# Isn't this a Malinois? Not a GSD



## Sunflowers (Feb 17, 2012)

Petfinder Adoptable Dog | German Shepherd Dog | Alexandria, VA | Wesson


----------



## GsdLoverr729 (Jun 20, 2010)

Malinois or Jindo mix? o-o


----------



## ksotto333 (Aug 3, 2011)

I don't know but that "grin" sure looks like my stepdaughters pitbull smile...


----------



## Magwart (Jul 8, 2012)

ksotto333 said:


> I don't know but that "grin" sure looks like my stepdaughters pitbull smile...


Agreed. It doesn't look like a mal head to me (to broad and wrinkly). The body shape also doesn't look right for a mal (too stocky). There could be some mal in him, though.


----------



## paulag1955 (Jun 29, 2010)

He looks like a mal or GSD/pit bull mix to me.


----------



## Syaoransbear (Sep 25, 2008)

Definitely some sort of mix, but I don't see german shepherd, especially not enough to label it a german shepherd mix. Gosh those people are like the ones at our shelter. They label every dog with its ears up as a german shepherd.


----------



## Konotashi (Jan 11, 2010)

In the first pic, the dog looks stocky like a pit, but then in the second one, the legs are longer.... I'd probably say maybe pit bull, american bulldog, even boxer mix? I don't see any GSD in the dog, except maybe the shape of the eyes....


----------



## FlyAway (Jul 17, 2012)

Eww! NOT a Malinois! Just some mix. You can never trust those Petfinder breed guesses.


----------



## Rerun (Feb 27, 2006)

Definitely not a malinois.
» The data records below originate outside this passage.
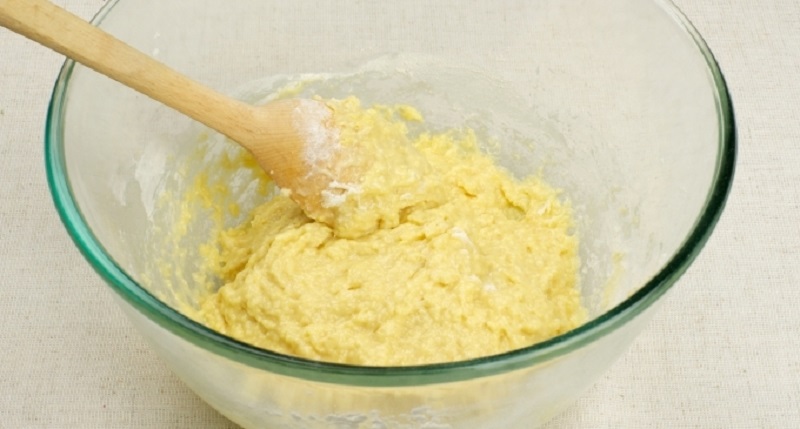 блинчики с куриной печенью рецепт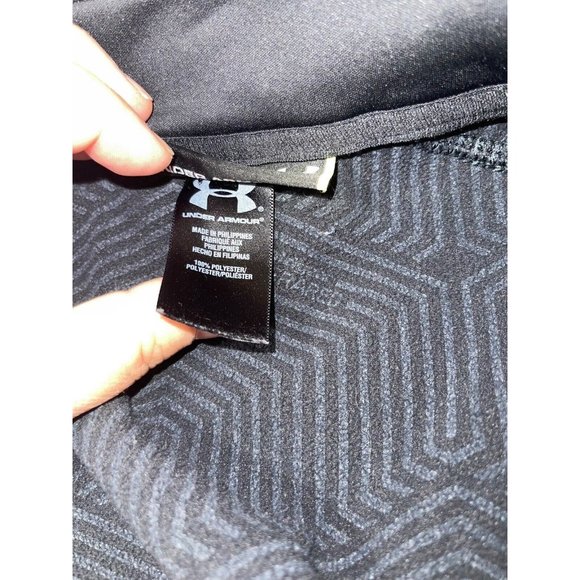 NORTH FACE BOYS JACKET Youth XL **FLAWED READ DESCRIPTION** - Picture 14 of 16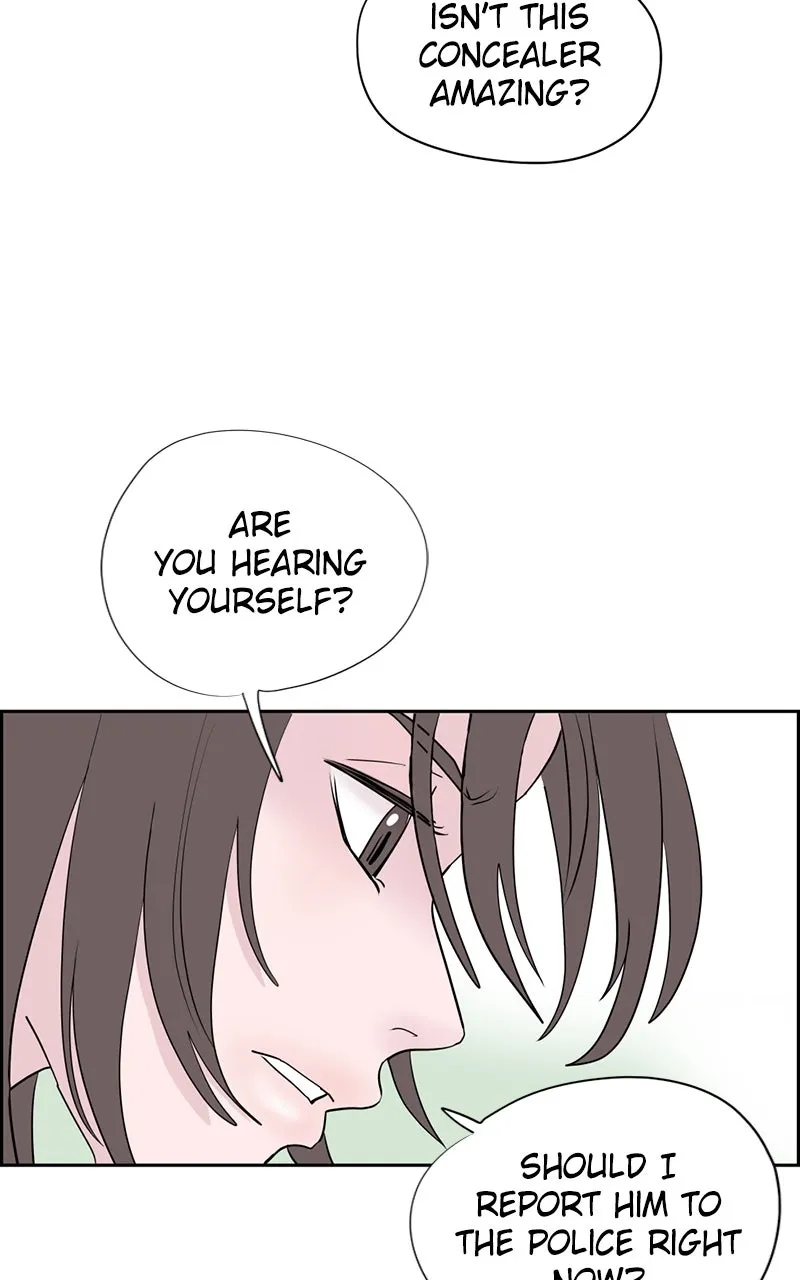 Read Copy-Paste Romance chapter 7 image 4 on Lezhin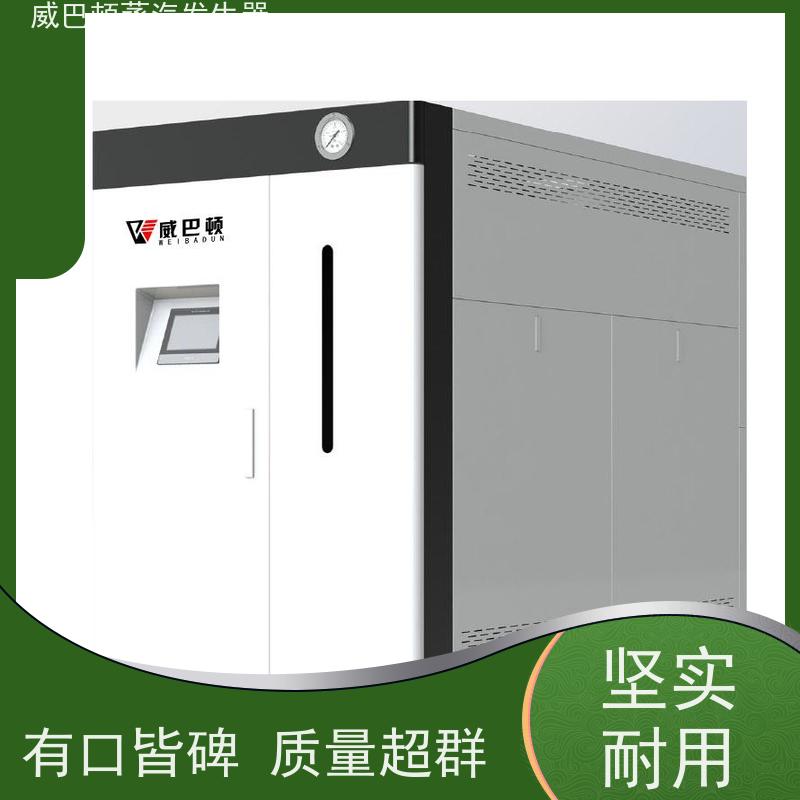  新型国标 0.6T蒸汽发生器 热效率 101% 还省气 智能控温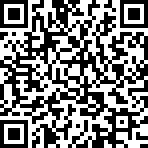 Image with QR code for the petition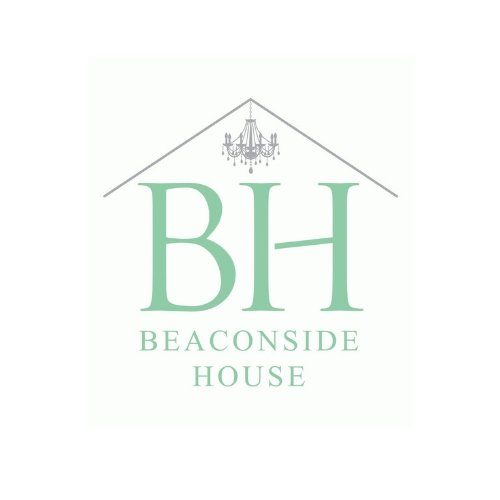 Beaconside is the perfect setting for your exclusive wedding weekend or party. Call us on 01237 475118 to find out more!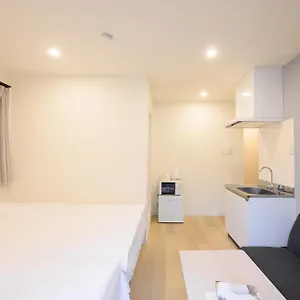 2* 호텔 Oku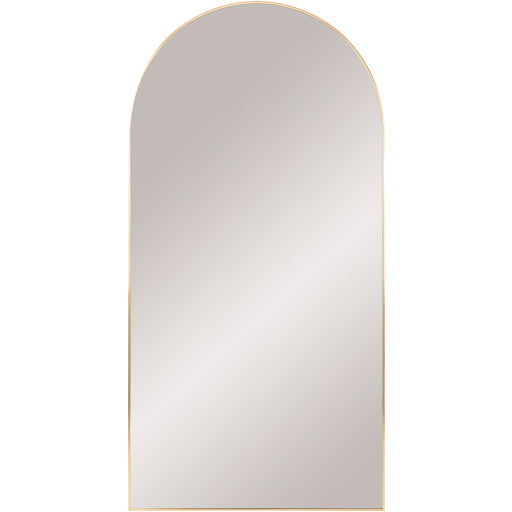 Surya Aranya Full Length Mirror RAY-013 65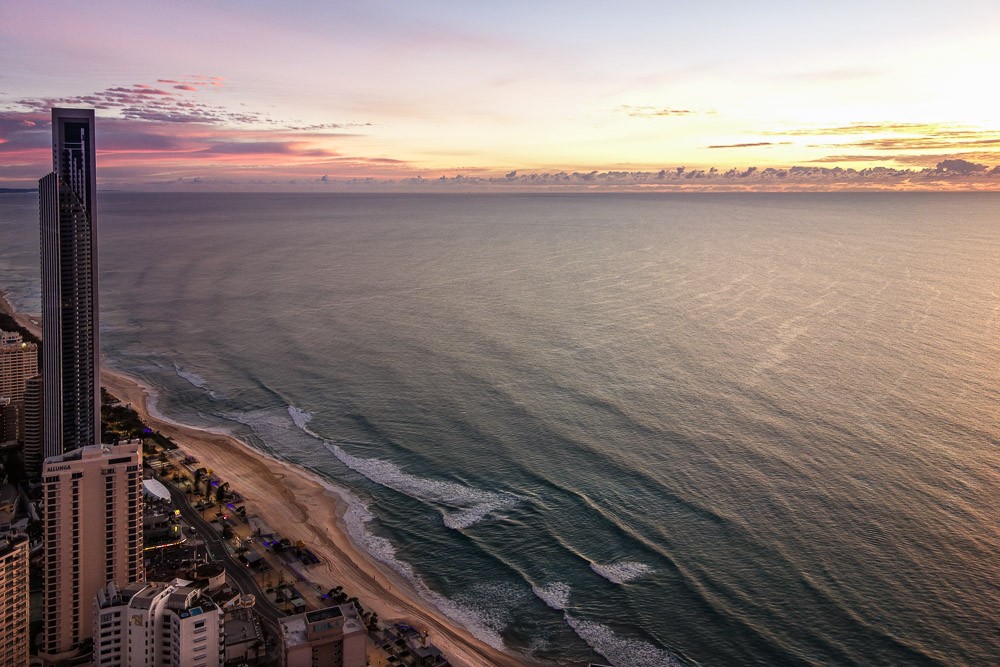 Surfers Paradise, Queensland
I'd say pit something...


----------



## PatchonGSD (Jun 27, 2012)

the head reminds me of an akita, wrinkles and all.


----------



## doggerel (Aug 3, 2011)

Patchon, I was definitely thinking akita, too!


----------



## Lilie (Feb 3, 2010)

My first thought was Akita mix as well.


----------



## LARHAGE (Jul 24, 2006)

He reminds me of a Boxer mix.


----------



## Jax08 (Feb 13, 2009)

I don't see pit or boxer in that dog. Boxers don't have wrinkles, pretty sure pits don't either and the head is all wrong for any bully breed.


----------



## 1sttimeforgsd (Jul 29, 2010)

I also was thinking Akita mix.


----------



## Courtney (Feb 12, 2010)

I'm stumped.

Interesting looking fella....he's really cheesing in the pic. lol


----------



## Piper'sgrl (Apr 20, 2012)

He's suuper cute but ooks like a pitt bul mixed with shepherd


----------



## msvette2u (Mar 20, 2006)

I saw Akita, too.


----------



## chelle (Feb 1, 2009)

Courtney said:


> I'm stumped.
> 
> Interesting looking fella....he's really cheesing in the pic. lol


He really is very interesting looking! Stocky body like a pit, but that wrinkly face. Tough one!


----------



## Fast (Oct 13, 2004)

It looks like my neighbors Akita X Rottweiler.


----------



## chester (Sep 29, 2011)

pitbull boxer mut. people just don't understand what it's like to own a true german!
It bugs me that anyone that has a dog that could of had a small spec of shepherd in it way down the line and is mixed with god knows what since calls there dog a GSD! Call a mut a mut and a pure breed papered dog a pure breed we will never get the breeds back to a pure bloodlines if we allow this kind of action to keep going


----------



## doggiedad (Dec 2, 2007)

looks Shepherdish/Akita-ish.


----------



## doggiedad (Dec 2, 2007)

give a mix a break. geeze. :crazy:



chester said:


> pitbull boxer mut. people just don't understand what it's like to own a true german!
> It bugs me that anyone that has a dog that could of had a small spec of shepherd in it way down the line and is mixed with god knows what since calls there dog a GSD! Call a mut a mut and a pure breed papered dog a pure breed we will never get the breeds back to a pure bloodlines if we allow this kind of action to keep going


----------



## chester (Sep 29, 2011)

i know just had a couple of owners the last couple of days coming up to me with dogs like that and swearing that they were sheps and getting standoffish and argumentitive they just don't have respect for the breed I think


----------



## Nigel (Jul 10, 2012)

I'm not sure what it is. I have seen some dogs at the shelter mis-labeled from time to time, oh well, I hope he finds a home.


----------



## dazedtrucker (May 2, 2011)

doggiedad said:


> looks Shepherdish/Akita-ish.


Agree!


----------



## codmaster (Aug 5, 2009)

chester said:


> pitbull boxer mut. people just don't understand what it's like to own a true german!
> It bugs me that anyone that has a dog that could of had a small spec of shepherd in it way down the line and is mixed with god knows what since calls there dog a GSD! Call a *mut a mut* and a *pure breed papered dog* a pure breed we will never get the breeds back to a pure bloodlines if we allow this kind of action to keep going


Hey chester, just so you know for next time, MUTT has two T's. And just for me- what is a "pure breed papered dog"? 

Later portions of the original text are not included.